Copy nothing but the text: reproduce each line of the listing exactly and leave the pictures out.

Collected material
======

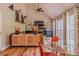 Open-concept area with modern decor, stylish furniture, and plenty of natural light streaming through large windows at 102 Woodsfield Ln, Hiram, GA 30141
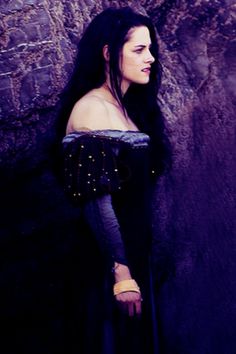 a woman with long black hair standing in front of a rock wall wearing a dress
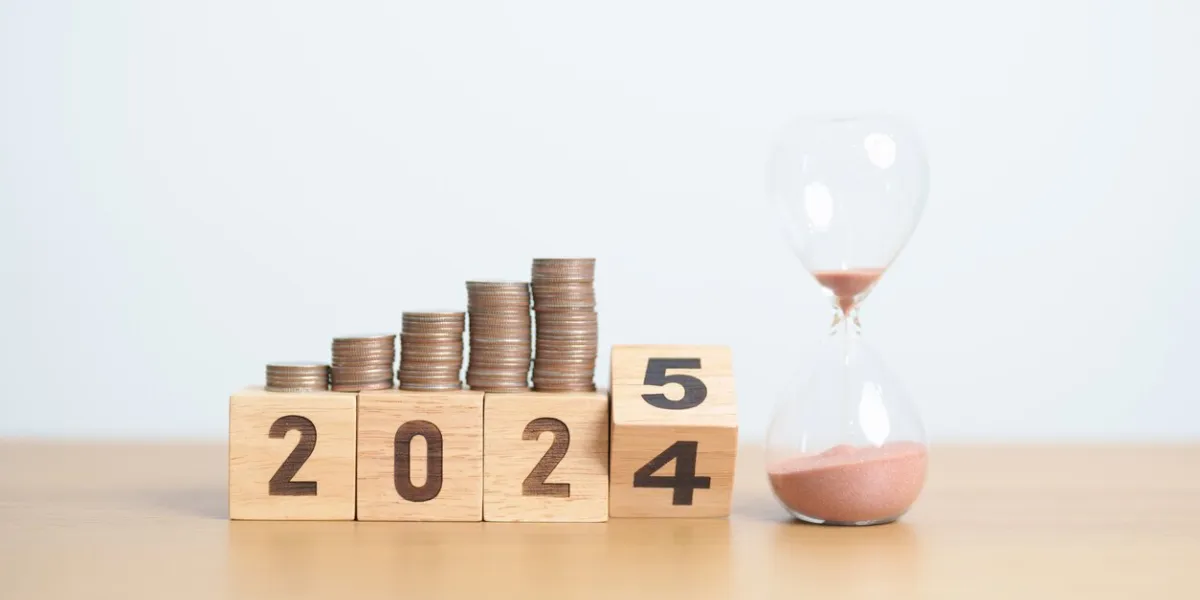 2024 end year to happy new year 2025 with hourglass and coins stack arrangement money saving for future plan, retirement fund, pension, investment, wealth business, financial and countdown concepts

======

Exercise output
 Open-concept area with modern decor, stylish furniture, and plenty of natural light streaming through large windows at 102 Woodsfield Ln, Hiram, GA 30141
 a woman with long black hair standing in front of a rock wall wearing a dress
 2024 end year to happy new year 2025 with hourglass and coins stack arrangement money saving for future plan, retirement fund, pension, investment, wealth business, financial and countdown concepts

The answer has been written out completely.